You can dose KNO3 found at your local hydroponics store ( look up ei dosing for instructions)

or you can pickup a bottle of macro ferts from your local fish shop. Some brands break up the N, P and K into seperate bottles so look for the one that has a N on it.


----------



## Captured Moments

That's interesting considering you only got them on Sunday and today is only Tuesday. Even if you had them in plain water in a bucket, I don't see how the roots could fall off so quickly. Were they healthy to start with? and how are the leaves now? are they yellowing?


----------



## kaisa

the leaves are fine as far as I can tell... I've never had water lettuce before though

maybe my bettas are nibbeling the roots causing them to break off? or cause I didn't have any fertz in the tank until this morning?

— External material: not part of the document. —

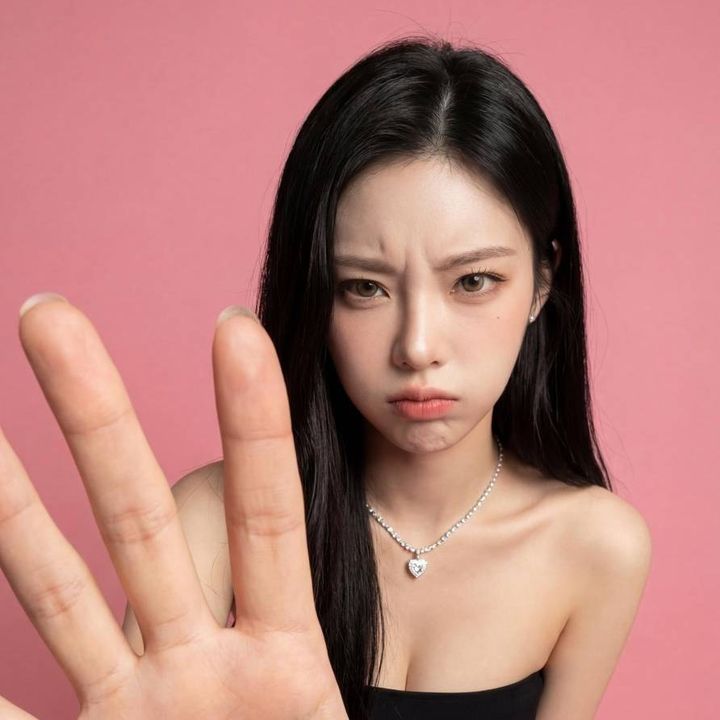 Em Ly mặc đẹp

heres some pics of the leaves... theres lots of babyies that have grown since Sunday. those roots sure make a mess  good thing the tanks are barebottom so its easy to clean up


----------



## kaisa

heres an underside pic... you can see one still has its roots but i bet if I touched it they would all come falling off


----------



## Sandy Landau

The roots look okay to me.


----------



## kaisa

well when i first got them all the little individual plants had cool looking long bushy roots like that one you can see but now most have fallen and im left with a few little roots on each plant. hopefully they grow back


----------



## Captured Moments

I found that water lettuce are somewhat of a good indicator of tank conditions. When I had them in a few of my tanks, I noticed that they vary in size depending on the amount of light and nutrients. With good light and nutrients, each plant can be a few inches across (4-5 inches) and the roots are very long (around 12"). In other instances in lower conditions, they can stay quite small and the roots short. 
In you case, the conditions probably changed quite a bit from the tank that they were in from the seller to your tank, the buyer. I would say that they are going through an adjustment and a shock period, hence loosing the roots.
Just make sure you give them enough light and enough nutrients and they will grow back to as good a condition you provide them with.

As for nutrients, you have quite a few options. As one poster has said, Nitrate is a good source for water lettuce but you should provide Nitrogen, Potassium, Phosphate and some trace elements. If you have Flourish, that will be good for the trace elements. If you want to stick with the Seachem line, they have the Nitrogen one as well, and I think Potassium and Phosphate.
or you can go to a Hydrophonics store and buy:
KNO3 for Nitrate
KH2PO4 for Phosphate
K2So4 for Potassium.

and CSM+B for trace as an example (from a recent sponsor Aqua Flora Plants - nice plants btw).
Good Luck.


----------



## Scholz

the roots are delicate and can be damaged with handling very easily they'll grow back


----------



## Blackbar

Scholz said:


> the roots are delicate and can be damaged with handling very easily they'll grow back


x2 on that. Probably damaged in transport and will grow back.


----------



## Sandy Landau

The roots of water lettuce fall off easily when you move them from tank to tank but the stuff grows very fast and in a month you'll have long roots and so much water lettuce that you'll be begging people to take it off your hands.


----------



## kaisa

haha i hope so  

Once they get established and if the conditions are right do the roots stay on fairly well or is it considered a messy plant and will always be dropping some roots and making a mess?


----------



## punchbuggy

i would love some of that water lettuce kaisa!


----------



## kaisa

Sure I'll give you some once it is doing better and when I have more to give. Just message me in a couple weeks and you can come get some


----------



## Scholz

kaisa said:


> haha i hope so
> 
> Once they get established and if the conditions are right do the roots stay on fairly well or is it considered a messy plant and will always be dropping some roots and making a mess?


Roots stay on fine it's jst handling that damages them....


----------



## Captured Moments

If the plants and roots are healthy, the roots are not that delicate. You will need to handle them quite roughly for the roots to break off.


----------